What is needed -
Nothing outside the lines below from the one containing "Women Black Abaya" through the one containing "Diy Trendy Light" is to be printed; print those exactly, ends included, and drop the pictures.

Image-caption web data -
━━━━━━━━

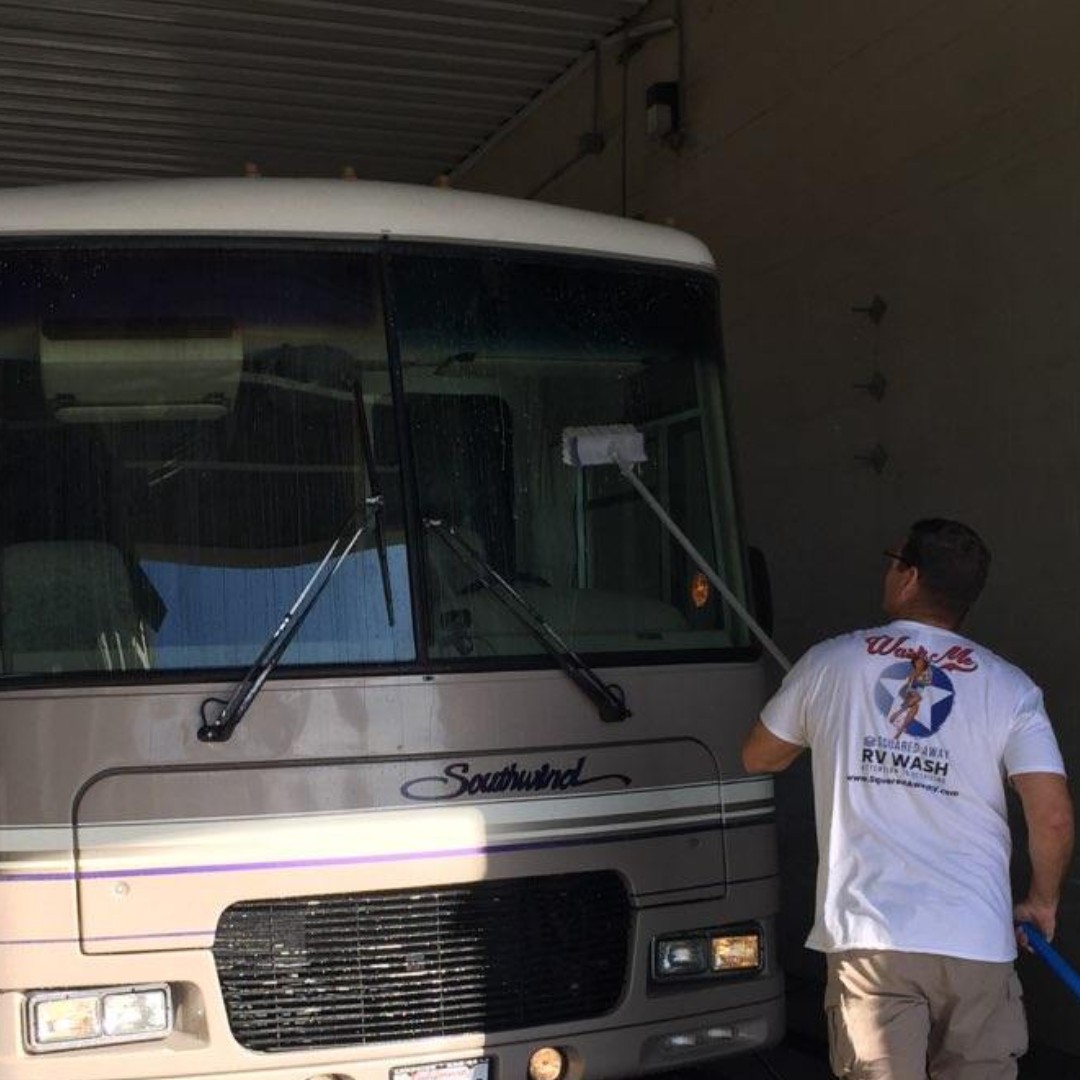 away_rv's tweet photo. If you want to wash your RV this weekend. We are still making appointments for tomorrow, Sunday. #RVwash https://t.co/1xNRhUWrN0 https://t.co/z1nEN7t4Fw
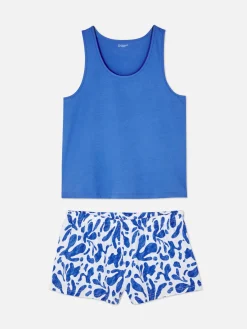 Jersey Tank And Shorts Pajamas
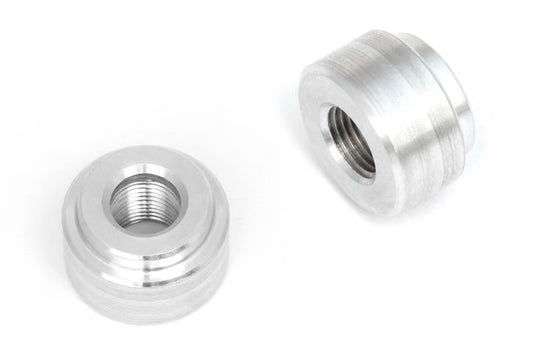 Weld on Fitting 1/8 NPT - 27 TPI - 6061 Aluminium Size: 20.4mm x 13mm HT-010231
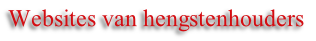 Websites van hengstenhouders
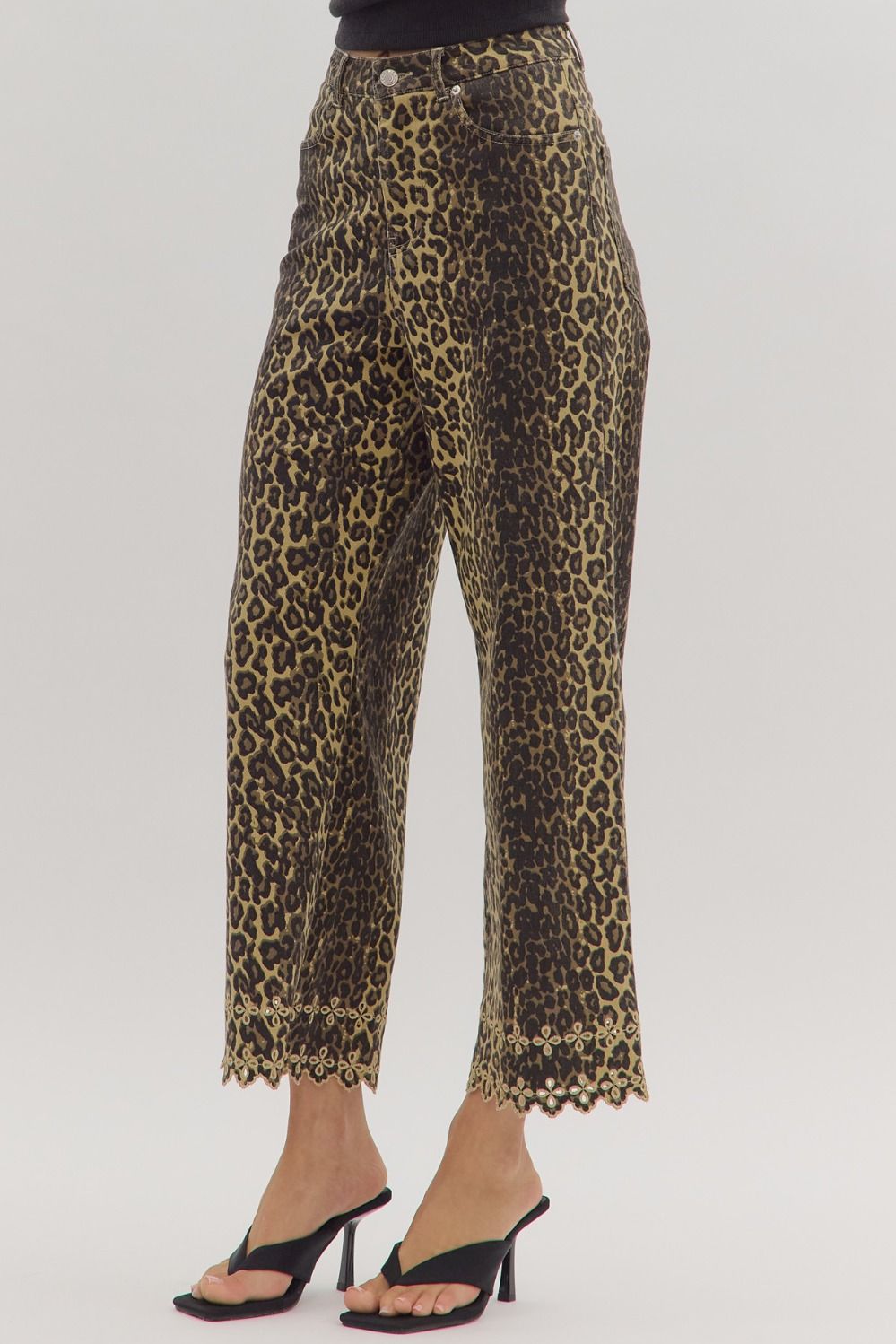 Leopard Pattern Pants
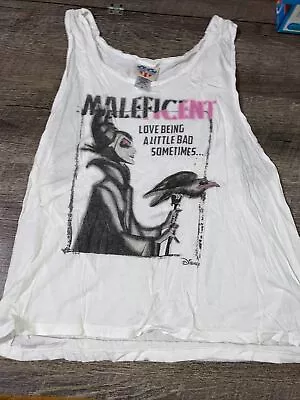 Junk Food Maleficent Love Being Bad Sz  M White Disney Princess Queen Tank Top • $17.99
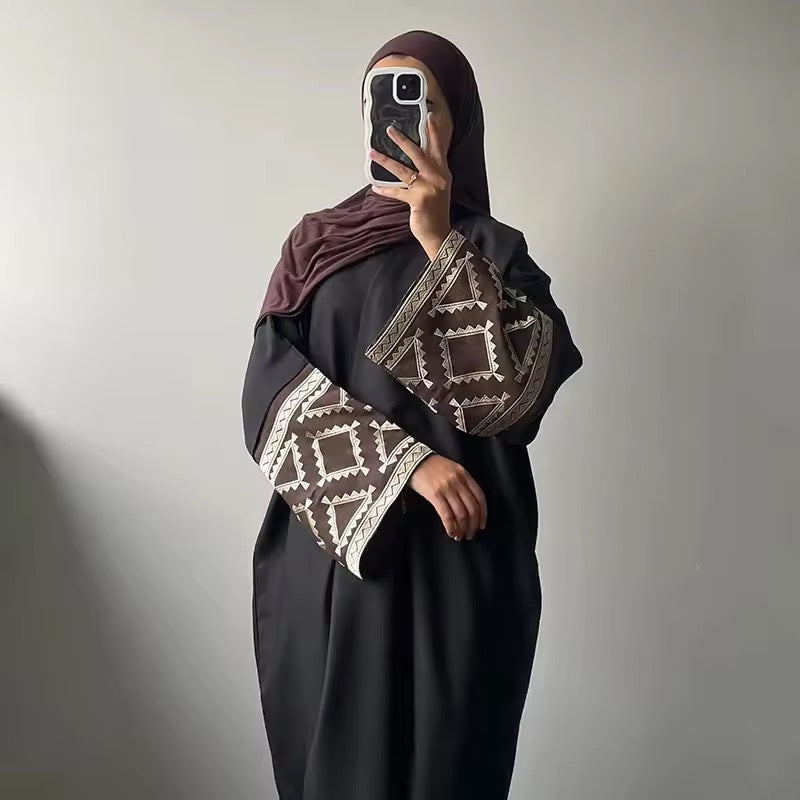 Women Black Abaya Modest Clothing Women Closed Abaya
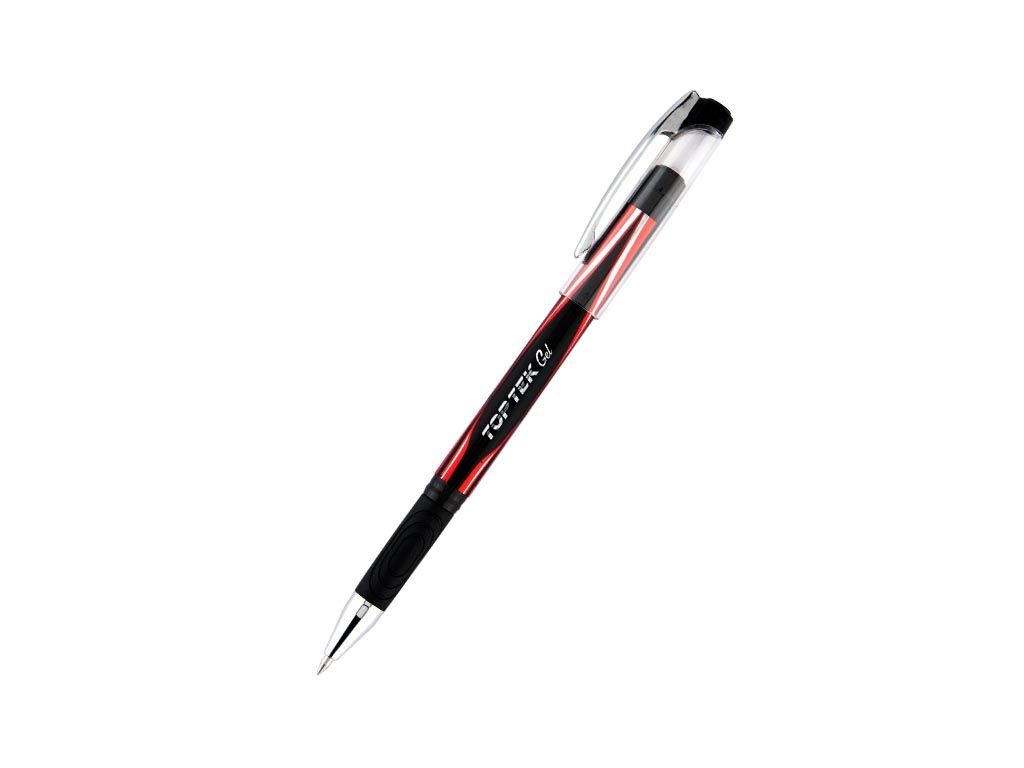 Ручка гелевая Top Tek Gel красная. Unimax UX-133-06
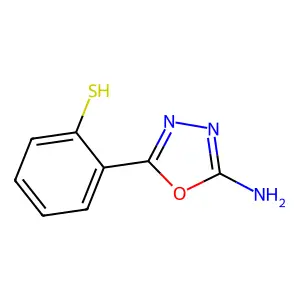 2-(5-Amino-1,3,4-oxadiazol-2-YL)phenyl hydrosulfide structure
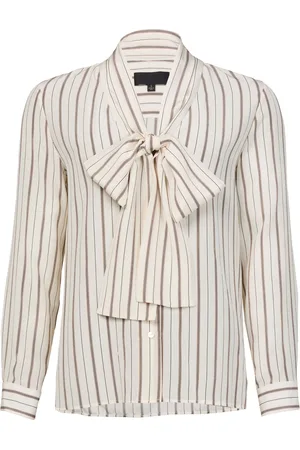 NILI LOTAN Angelique tie neck blouse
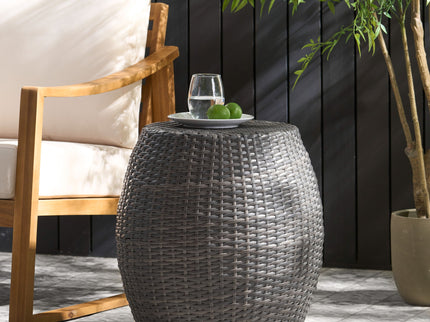 Outdoor Wicker Patio Side Table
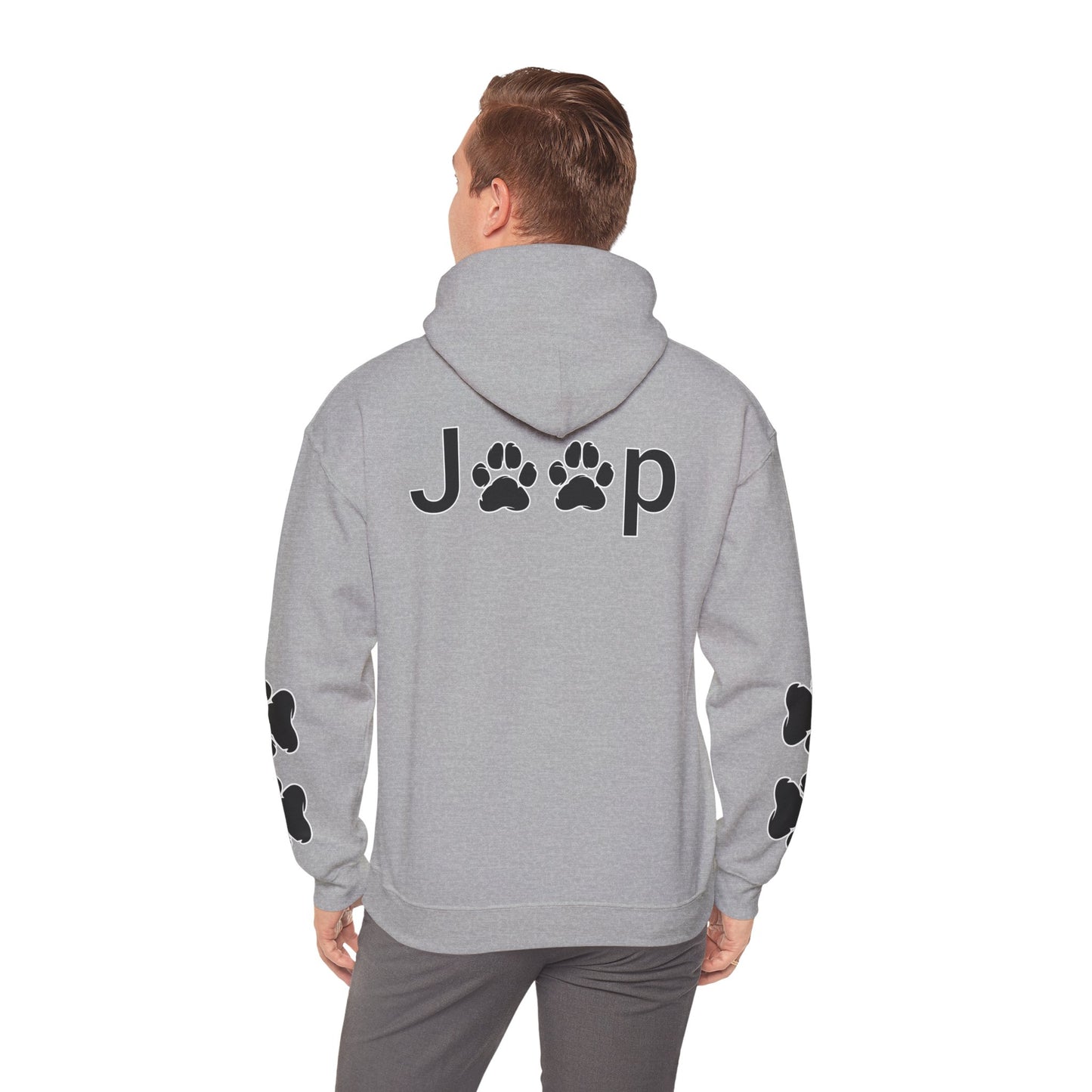 Jeep Paw Print Hoodie — Cute Paw Logo Pullover for Dog & Jeep Lovers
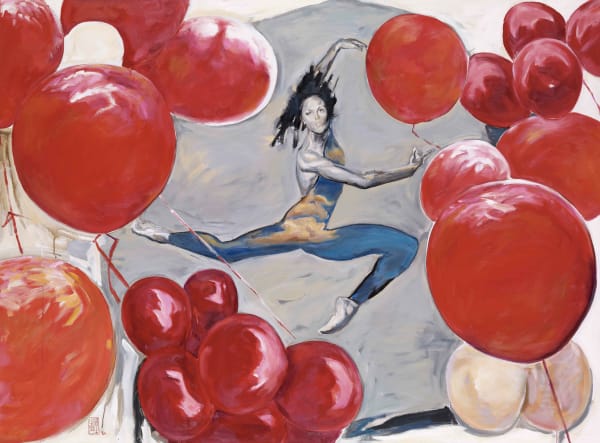 顧福生 Fu-Sheng KU 慶賀 I Celebration I, 2011 油彩/畫布 Oil on canvas 50 x 68 1/8 in 127 x 173 cm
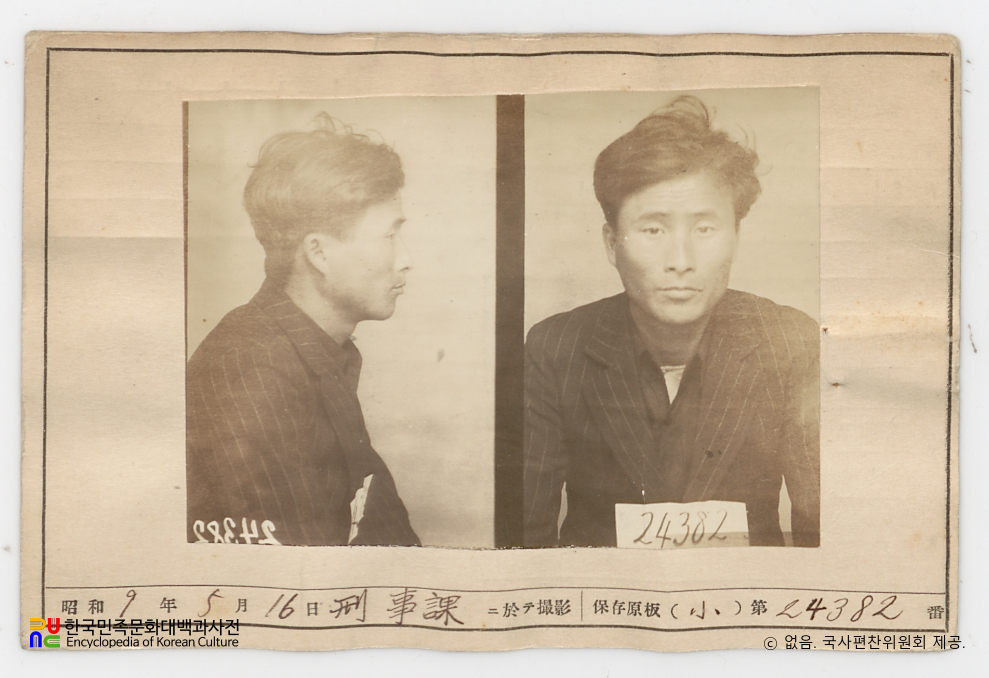 일제 주요감시대상 인물카드 이상춘(李相春)_03_전면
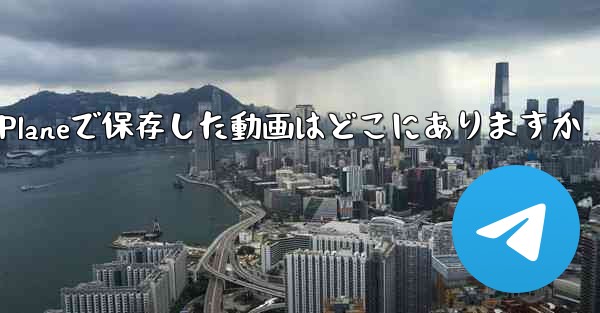 Paper Planeで保存した動画はどこにありますか
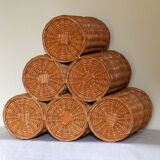 Rattan bottle holder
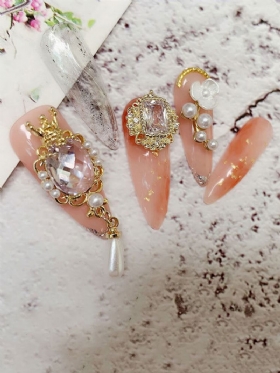 Diy Trendy Light Luxury Nail Art Decorations Zircon Metal Micro Inlay Flash Rhinestone Nails Photootherapy
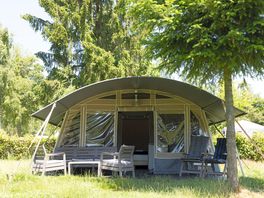 Rental tent exterior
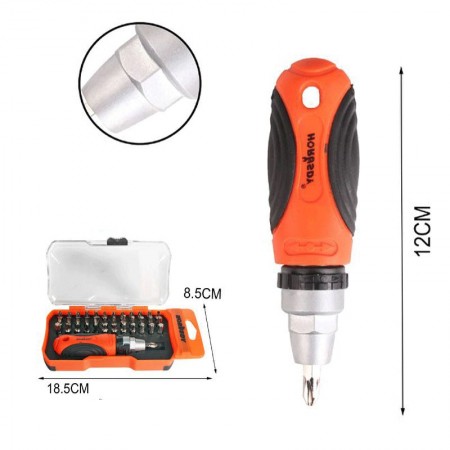 Kit cacciavite con punte 38 pezzi Set attrezzi lavoro Elettricista Riparazioni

━━━━━━━━

Task answer -
 Women Black Abaya Modest Clothing Women Closed Abaya
 Ручка гелевая Top Tek Gel красная. Unimax UX-133-06
 2-(5-Amino-1,3,4-oxadiazol-2-YL)phenyl hydrosulfide structure
 NILI LOTAN Angelique tie neck blouse
 Outdoor Wicker Patio Side Table
 Jeep Paw Print Hoodie — Cute Paw Logo Pullover for Dog & Jeep Lovers
 顧福生 Fu-Sheng KU 慶賀 I Celebration I, 2011 油彩/畫布 Oil on canvas 50 x 68 1/8 in 127 x 173 cm
 일제 주요감시대상 인물카드 이상춘(李相春)_03_전면
 Paper Planeで保存した動画はどこにありますか
 Rattan bottle holder
 Diy Trendy Light Luxury Nail Art Decorations Zircon Metal Micro Inlay Flash Rhinestone Nails Photootherapy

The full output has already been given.